It's nothing special...just comes from experience. Glad I helped :Smile:

----------


## Scheherazade

*The fact that a piece of literature has religious connotations or references does not necessarily mean that it can be classified as 'Religious Text'. 

Therefore, this thread has been moved to the Poetry section of the Forum.*

----------


## quasimodo1

Beckett again attacks or confronts our assumptions about language, his own assumptions as well. On at least three levels, he forces understanding of what is to him by now...tiresome language. "...folly for to need to seem to glimpse". Words begin our folly, as does needing to seem, as does needing to seem to glimpse. Like you are not working but it is important to look like you are. This is the word. And yet he is a master of it. He won the nobel prize for "describing best the desperation of modern man".

----------


## linz

> Beckett again attacks or confronts our assumptions about language, his own assumptions as well. On at least three levels, he forces understanding of what is to him by now...tiresome language. "...folly for to need to seem to glimpse". Words begin our folly, as does needing to seem, as does needing to seem to glimpse. Like you are not working but it is important to look like you are. This is the word. And yet he is a master of it. He won the nobel prize for "describing best the desperation of modern man".


*He was marvelous!*

----------


## quasimodo1

Eureka, a true Beckett fan. You must tell me what your first reaction to the novel "Murphy" was?

----------


## linz

> Eureka, a true Beckett fan. You must tell me what your first reaction to the novel "Murphy" was?

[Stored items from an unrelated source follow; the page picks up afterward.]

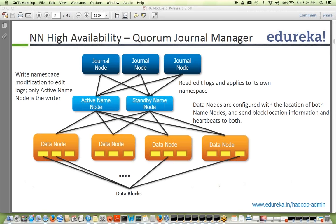The active NameNode is the only one that writes to the edit logs — all namespace modifications are made only by the active NameNode. The standby NameNode reads edit logs from journal nodes, since all three journal nodes are constantly reading and storing edit logs. When the active NameNode goes down, the standby becomes the new active, reads the latest edit logs, starts writing, while the former active becomes standby with read-only access.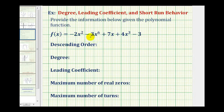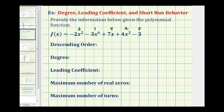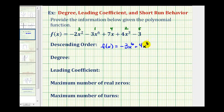Looking at all the terms in this polynomial function, notice how this term here has the highest degree, so it's going to be the first term in descending order. The next highest degree is degree three, so this term would be second. The next highest degree is degree two, this would be the third term. This has degree one, this is the fourth term. And the constant term has degree zero, so it's going to be the fifth term. So in descending order, we would have f of x equals negative three x to the sixth plus four x cubed minus two x squared plus seven x and minus three.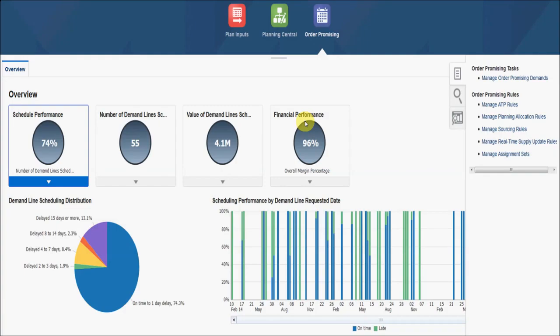I'll show you a screenshot demo of how you can use the KPIs, info tiles, and dashboards, and some of the metrics available in GOP Cloud which you can use to increase scheduling performance and financial performance, as well as how you can find the orders which are GOP ready. I'll also cover how you can do backlog management to increase profit by using the profitability to promise feature available in GOP Cloud.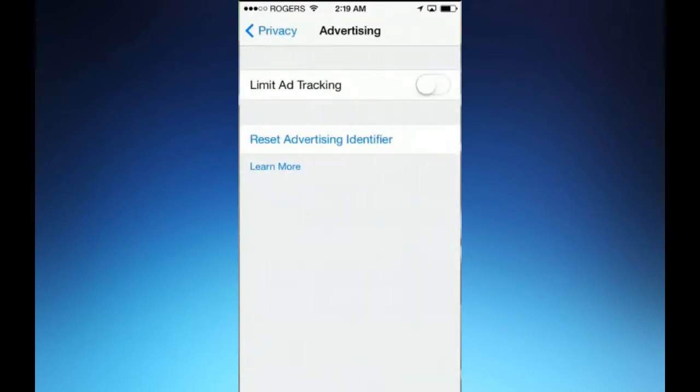Then where you see Limit Ad Tracking, go ahead and turn that on till it shows green and you're good to go.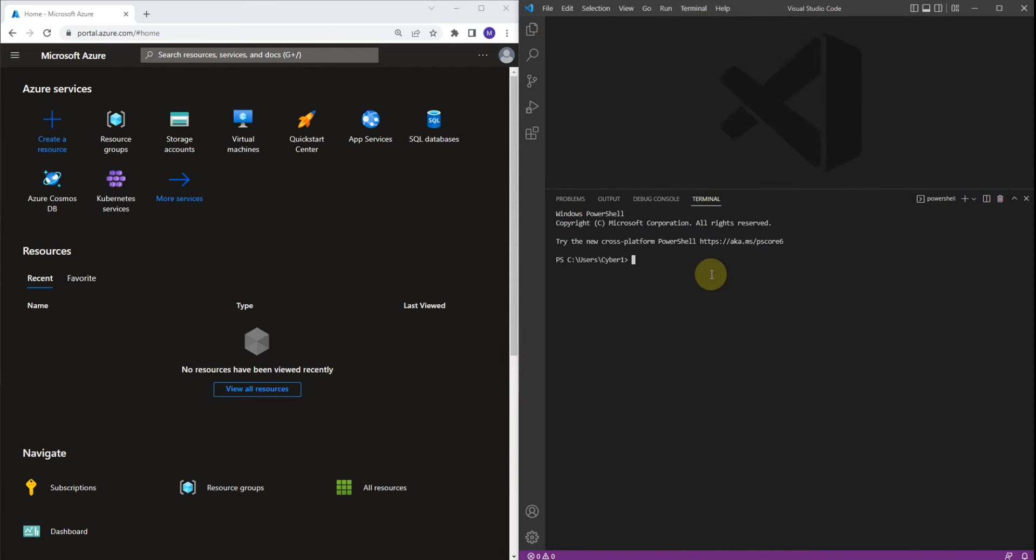To start working with Azure PowerShell, we have to sign in. We are going to use the command Connect-AzAccount. Let's type it: Connect-AzAccount. Let's press Enter.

I only read the very first parts of the work. I remember the man who could start and stop his heart at will, the fly placed in the tea, and of course Murphy binding himself. The cool thing that makes me believe I'm a natural Beckett fan, is that I had a idea of it being, in Beckett's own mind, his first mature prose, only to find out, The Unnameable believe they are all there from Murphy on, as does Moran! *W O W ! ! !*

----------


## ennison

Beckett was Calvinist in background. He never lost those dark questions that trouble us poor Calvinists. Our atheist friends are always making fun of our inability to solve them in satisfyingly watertight ways. Beckett had that philosophical background but no apparent faith to sustain him. He couldn't escape from a constant desire to work at those ideas. Strangely I just brought home today the three novels in one volume. A great but often troubling writer. I couldn't stand his plays when young but he has grown on me.

----------


## quasimodo1

To ennison: Please show your source on Samuel Beckett being a Calvinist. quasimodo1

----------